Lightning can strike more than once
Jun. 21, 2023
By Mary Wade Burnside
Amber Escudero-Kontostathis huddled under a tree across from the White House last August with three others to shelter from a storm.
Unfortunately, tall structures are more likely to be hit by lightning than lower areas around them, and that’s indeed what happened. Her companions died.
According to a profile in the June 12, 2023 edition of the Washington Post, “The lightning strike blew up (Amber’s) electronic tablet. It made her watch so hot, it melted flesh on her wrist. Surging up through her foot, it fried her nervous system, stopped her heart and burned gaping holes in her body. For days, she couldn’t move. She had to relearn how to walk.”
Amber’s still living with the pain of the lightning strike, unsure how much of a recovery she will ultimately make.
The story notes that scientists recorded six distinct bolts of lightning hitting a single spot in half a second, and that Amber can’t remember anything that happened after posting to her social media about the impending storm.
It’s impossible to avoid every potential threat that a storm can bring. But being aware of the weather, and what to do if lightning begins to strike, can help keep you and your loved ones safe.
National Lightning Safety Awareness Week begins today and runs through Saturday and it’s no coincidence that it corresponds with the first week of summer. Individuals spend more time outdoors swimming, golfing and boating, which are activities that are likely to be interrupted by lightning.
But Monongalia County Health Department’s Environmental Health program wants to remind people to take care year-round to avoid lightning.
The Centers for Disease Control and Prevention offers lightning safety tips for both indoors and outdoors. We’ll start with indoor tips, and it turns out that my mother was right about the first one!
• Avoid water. Do NOT bathe, shower, wash dishes or have any other contact with water during a thunderstorm because lightning can travel through a building’s plumbing. The risk of lightning traveling through plumbing might be less with plastic pipes than with metal pipes. However, it is best to avoid any contact with plumbing and running water during a lightning storm to reduce your risk of being struck.

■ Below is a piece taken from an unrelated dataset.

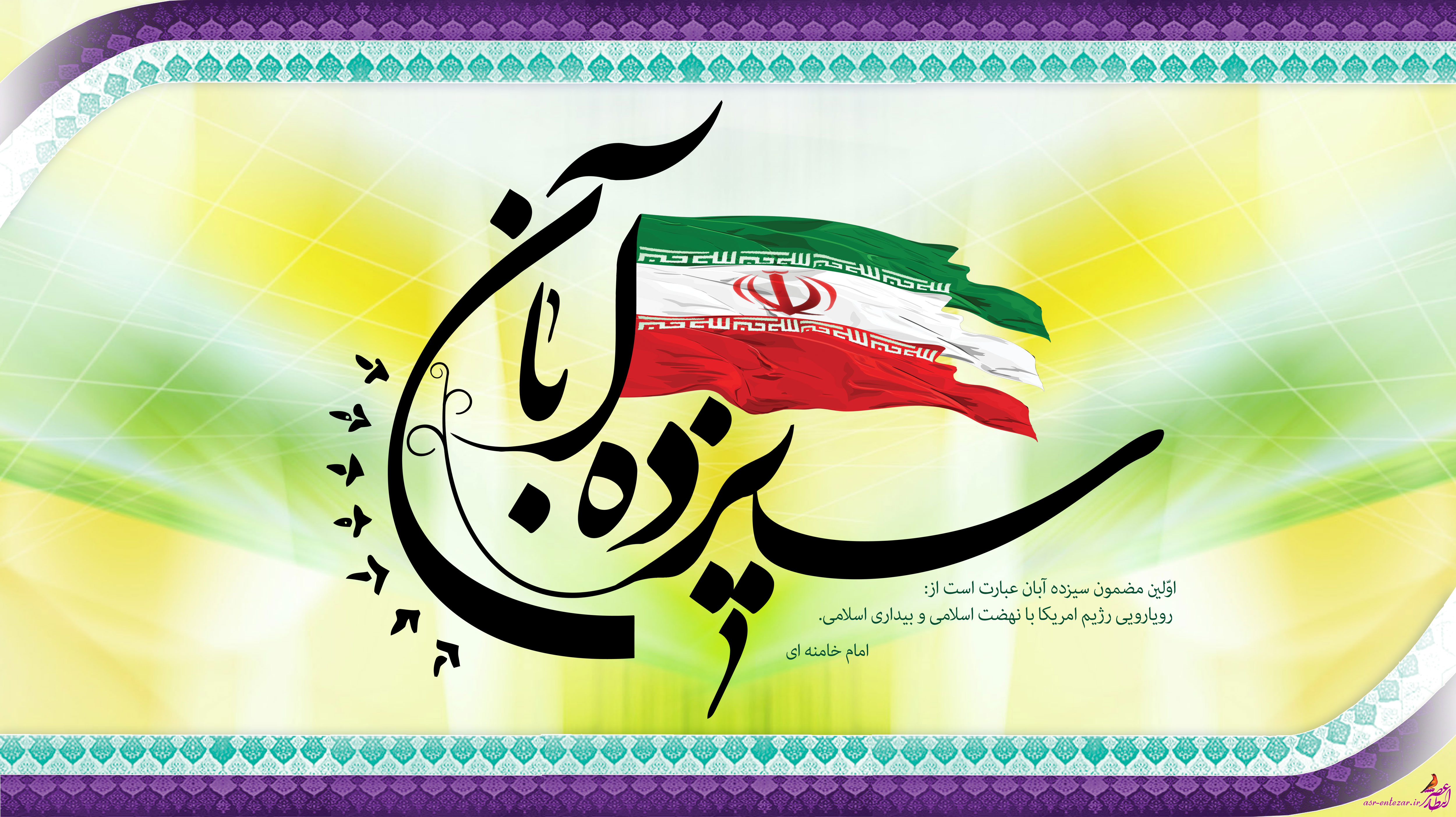 عکس با موضوع ظهور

• Don’t touch electronic equipment. Do NOT use anything connected to an electrical outlet, such as computers, laptops, game systems, washers, dryers or stoves. Lightning can travel through electrical systems, radio and television reception systems and any metal wires or bars in concrete walls or flooring. Equip your home with whole-house surge protectors to protect your appliances.
• Stay away from windows and doors, and stay off porches. Do NOT lie on concrete floors or lean on concrete walls during a thunderstorm. Lightning can travel through any metal wires or bars in concrete walls or flooring.
• Don’t use corded phones. However, it is safe to use cordless or cellular phones during a storm.
Outdoor Safety Tips
• Check the weather forecast before participating in outdoor activities. If the forecast calls for thunderstorms, postpone your trip or activity or make sure suitable safe shelter is readily available.
• Find a safe, enclosed shelter when you hear thunder. Safe shelters include homes, offices, shopping centers and hard-top vehicles with the windows rolled up. Don’t stay in open vehicles such as convertibles, motorcycles and golf carts.
• Separate from others. If you are in a group during a thunderstorm, separate from each other. This will reduce the number of injuries if lightning strikes the ground.
• If you are out in the open water and a storm rolls in, return to shore immediately.
• Avoid open structures such as porches, gazebos, baseball dugouts and sports arenas.
• Stay away from tall structures, such as telephone poles and trees; lightning tends to strike the tallest object around.
Don’t let your summer fun be ruined by lightning. Planning ahead of time and knowing how to react if a sudden storm arises can help you avoid a strike.
Mary Wade Burnside is the public information officer at Monongalia County Health Department.